Chop etilgan: 12.06.2018
One thing before. The pictures from the last post about Machu Picchu and Cusco are now online too!
After saying goodbye to Stefan and completing my museum tour in Cusco, I felt the longing for a warmer place. My destination: The source of the Amazon or the rainforests around Puerto Maldonado. So off we go by bus. Literally. Overnight, descending from 10 hours at about 3200m to about 200m in height. The previous daily maximum temperature now becomes the minimum temperature at night - about 15 degrees. Up to 30 degrees during the day - pleasant! Puerto is located on the Madre de Dios and Tambopata rivers. The city itself is not exactly a highlight. With 50 thousand inhabitants, it is manageable but somewhat chaotic. The good, old, noisy Mototaxis are back! Honking and buzzing everywhere.
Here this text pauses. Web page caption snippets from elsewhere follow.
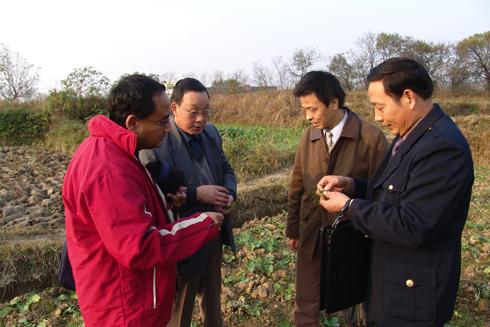 IPM Weed Ecologist Anil Shrestha shows a Chinese county extension agent, a county extension director, and a university professor how to identify weeds in Feidong County, Anhui Province, south China.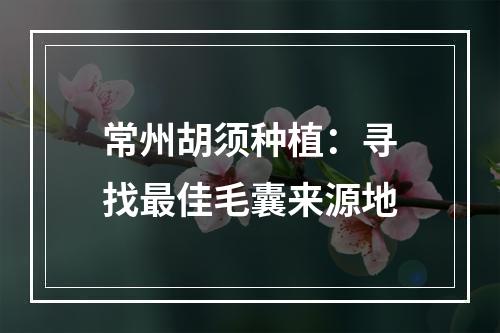 常州胡须种植：寻找最佳毛囊来源地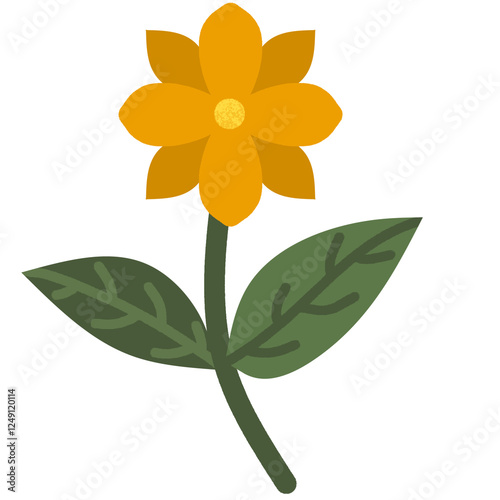 yellow flower isolated on white background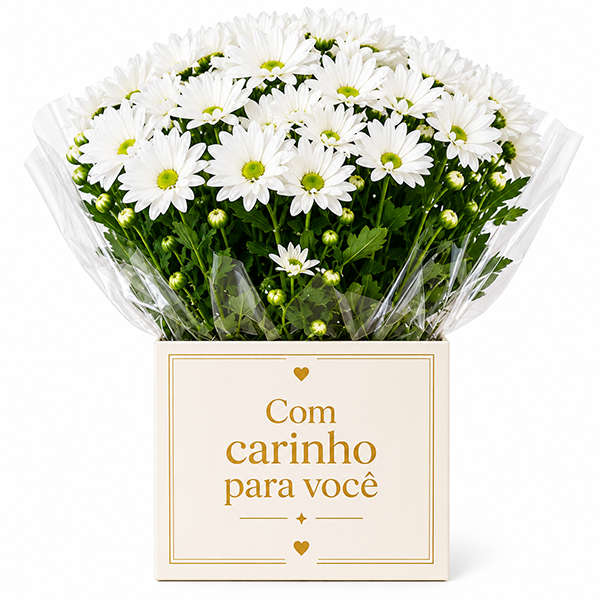 Margaridinha Plantada 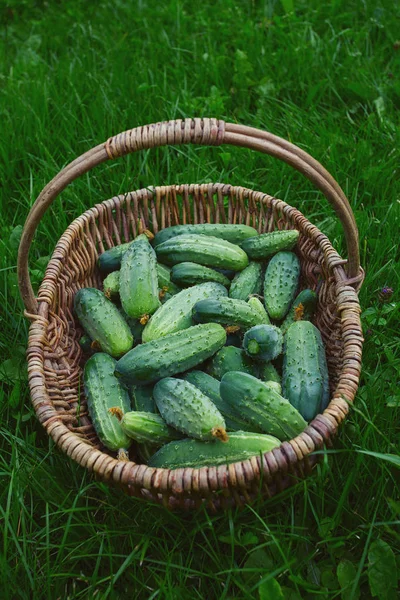 Pepinos Uma Cesta Grama Verde — Fotografia de Stock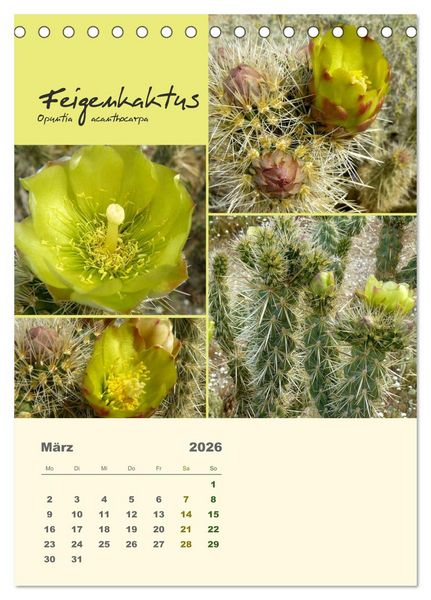 Produktbild: Kakteen der US-S&uuml;dweststaaten (Tischkalender 2026 DIN A5 hoch), CALVENDO Monatskalender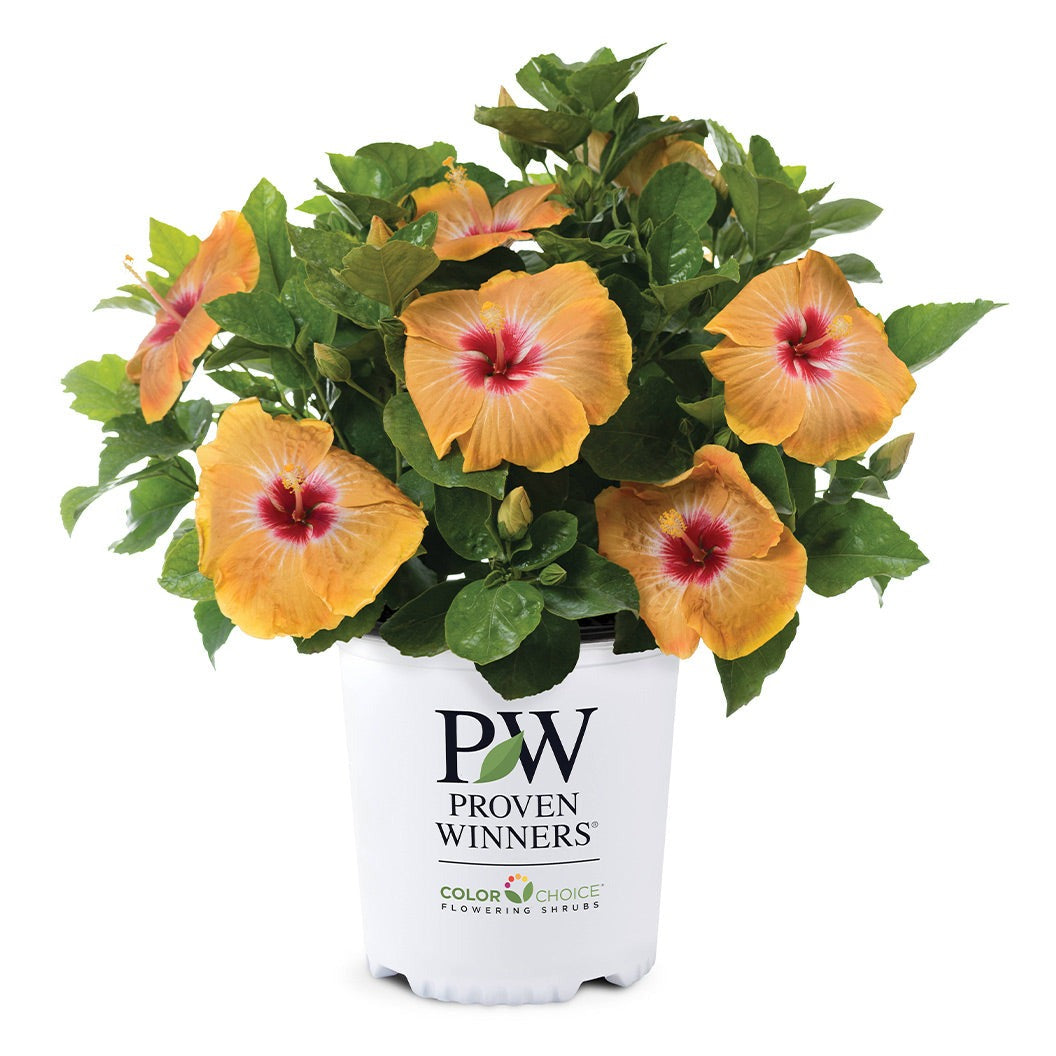Proven Winners® Golden GlobeTM Hollywood® Hibiscus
First of all, I treat myself to 2 days for acclimatization and follow the first World Cup matches. With Charlie (Greenhouse Tambopata) I have found an excellent tour operator. So let's go to the jungle for 4 days. In style with the boat 1h along the Madre de Dios (Mother of the Gods - there was no other way to go) to the Ecolodge. Beautiful, out of civilization, no internet, almost no electricity, just listen to nature. In the next few days, various activities were on the agenda. And finally, I could relax a bit! Breakfast around 8, start of the tour around 10 and back at the lodge around 5. So enough time to relax.
The program includes: visit to Monkey Island, day and night walks in the jungle for viewing animals and plants, nocturnal boat tour, kayaking, Lago Sandoval Nature Reserve. So there was a lot to see - and eat. Always well taken care of by our cook, who prepared a lot with few means. In the jungle, we couldn't keep track of Peru's and Germany's defeats either.
And at night, there was a wonderful chorus of all kinds of animals to be heard. Plus the gentle rustling of the river and the trees. The next morning, you would be woken up by various funny bird sounds.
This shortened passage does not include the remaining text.